That said, it has been upgraded from the projected boost in a document published by the Johnson administration in 2020 entitled “UK-New Zealand Free Trade Agreement/ The UK’s Strategic Approach”.

This document stated: “A trade agreement with New Zealand is estimated to have limited effects on headline gross domestic product (GDP) in the long run, with the estimated impact on GDP being 0.00% under both scenarios.”

However, while marginally higher than zero, the updated 0.03% “central estimate” is most certainly nothing to write home about.

The 4.9% projected uplift that some seemed to think was a bit small in the Scottish Government economic strategy publication is 163 times 0.03%.

Of course, the scale of the Scottish Government’s projected benefit suggests a very significant challenge indeed in delivering the strategy.

The five broad policy thrusts of Scotland’s economic strategy seem perfectly sensible.

The Scottish Government is seeking to “establish Scotland as a world-class entrepreneurial nation founded on a culture that encourages, promotes and celebrates entrepreneurial activity in every sector of our economy”.

It is also aiming to “strengthen Scotland’s position in new markets and industries, generating new, well-paid jobs from a just transition to net zero”.

And it wants to “make Scotland’s businesses, industries, regions, communities and public services more productive and innovative”.

The Scottish Government is looking to “ensure that people have the skills they need at every stage of life to have rewarding careers and meet the demands of an ever-changing economy and society, and that employers invest in the skilled employees they need to grow their businesses”.

And it plans to “reorient our economy towards wellbeing and fair work, to deliver higher rates of employment and wage growth, to significantly reduce structural poverty, particularly child poverty, and improve health, cultural and social outcomes for disadvantaged families and communities”.
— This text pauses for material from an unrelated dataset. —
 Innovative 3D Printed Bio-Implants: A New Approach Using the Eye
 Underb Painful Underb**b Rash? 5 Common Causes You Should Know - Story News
Tackling inequality is often underestimated as a way of boosting economic growth. People on low incomes often have to spend all they have to live, and, if they have more money in their pockets, this feeds through directly to demand.

The Scottish Trades Union Congress swiftly signalled its view that this week’s economic strategy does not go far enough on tackling inequality, and its views should be taken on board.

There has, also, rightly been much debate over Scotland’s success, or otherwise, so far in generating green jobs in key sectors.

It will also be no mean feat to establish Scotland as a “world-class entrepreneurial nation”. That is not to say it cannot be done, and Scotland has a proud history when it comes to innovation and invention.

However, past campaigns to boost the business birth-rate have shown how difficult it can be to shift the dial on this front. And many Scottish businesses are sold, for good prices, before they scale up to anything like their full potential.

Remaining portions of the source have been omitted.